Thu May 03, 2012 2:48 am
marchegiano wrote:Could not care less about who was winning in a stoppage. Look at the dude in my avatar.

Big K has a lot of supporters who boast his stats when discussing Lennox. I'm simply not the type of person to even recognize the point......not in the bull headed sort of way........I just don't understand how or why that matters.

With Fedor specifically. His getting stopped by Werdum was a shock. Fedor being pinned down by Bigfoot, and having his face smashed in was a shock. Dan Henderson, no shock there. Why? Old Fedor could out roll Werdum. He did not recognize what was happening to him....his was an old lion being fool by a young buck.
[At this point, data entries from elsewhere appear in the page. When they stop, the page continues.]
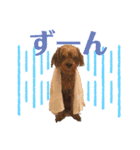 コーちゃん第二弾（個別スタンプ：6）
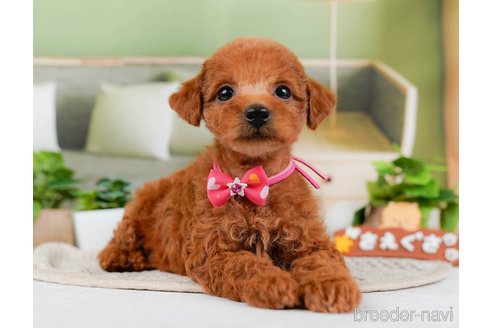 成約済の神奈川県のトイプードル-315666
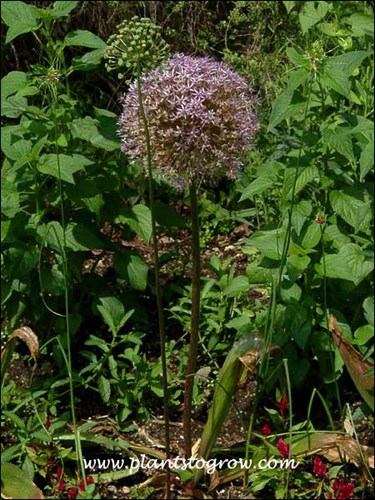A self seeded plant growing in a weedy spot in the back garden.
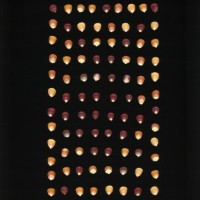 CIMMYTMA 5260 GUAT 374 PV22A-1903-233 K3880 _compress.jpg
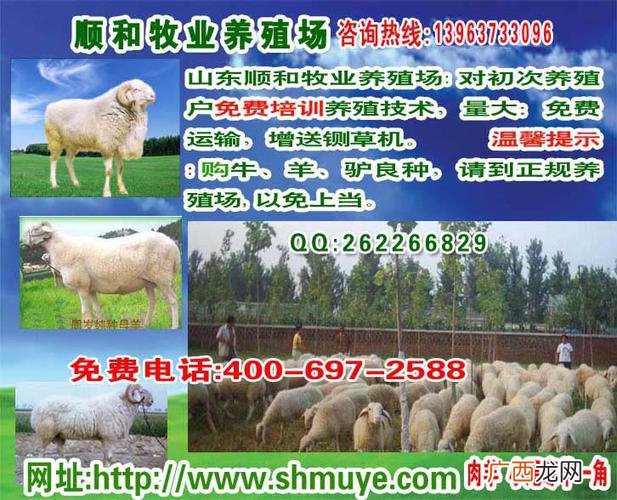 对虾养殖技术 羊健康养殖技术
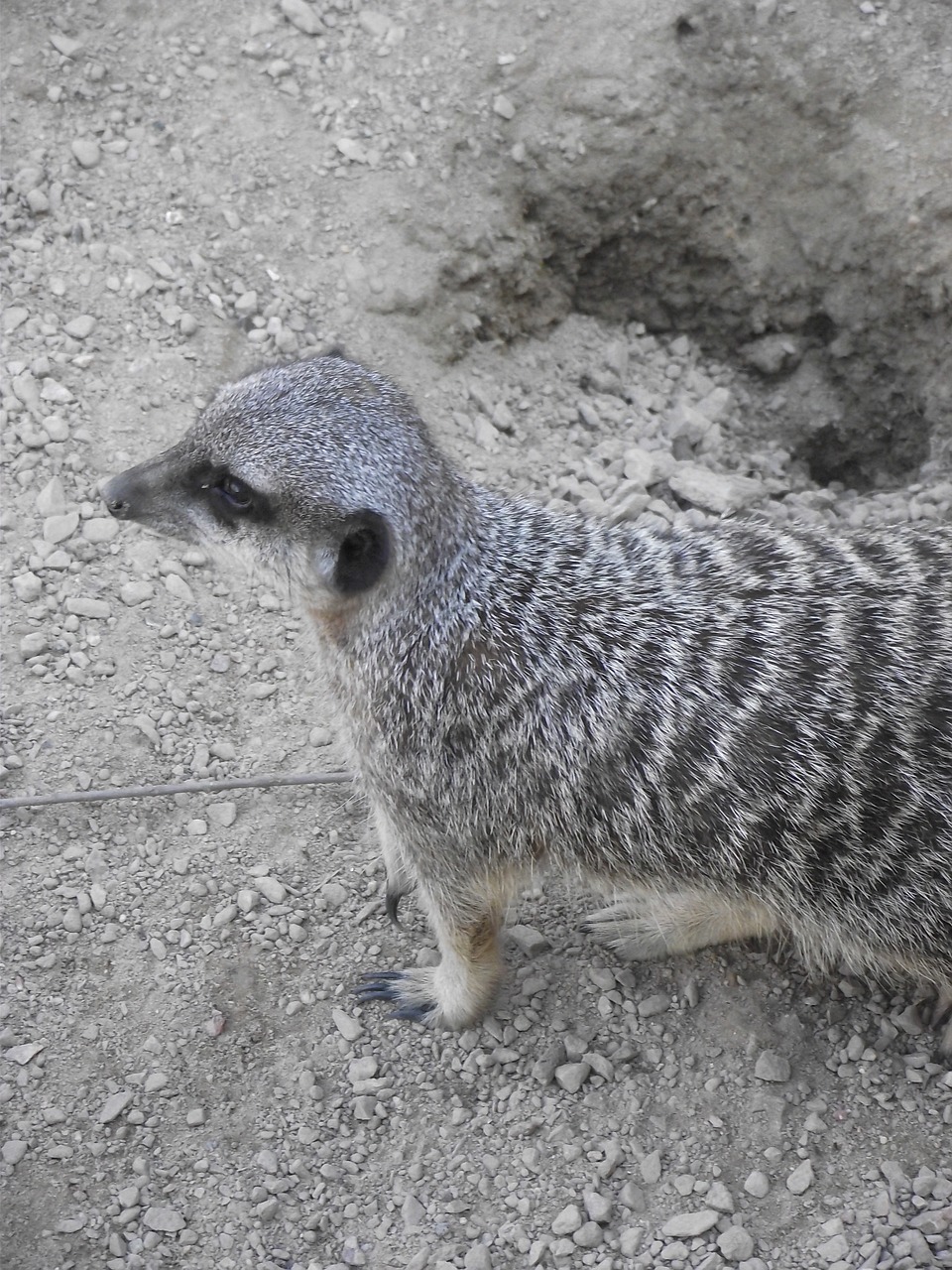 meerkat wild zoo free photo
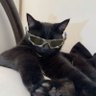 Naris🍉 profil fotoğrafı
Old Fedor would never be out muscled by Bigfoot. He's far too slick both on his feet, and on the ground....I'm not saying Fedor's stronger, but that he'd never allowed the fighter to become fringed on strength. By the time Dan came around I knew as long as he played to his strengths and forced his fight Fedor couldn't handle the pressure anymore. Old Fedor made better decisions. He had a better handle on what he was capable of, and what his opponent was capable of....in the moment. Fedor's timing, and reaction speed are considerably lower....I first noticed during the Brett Rogers fight.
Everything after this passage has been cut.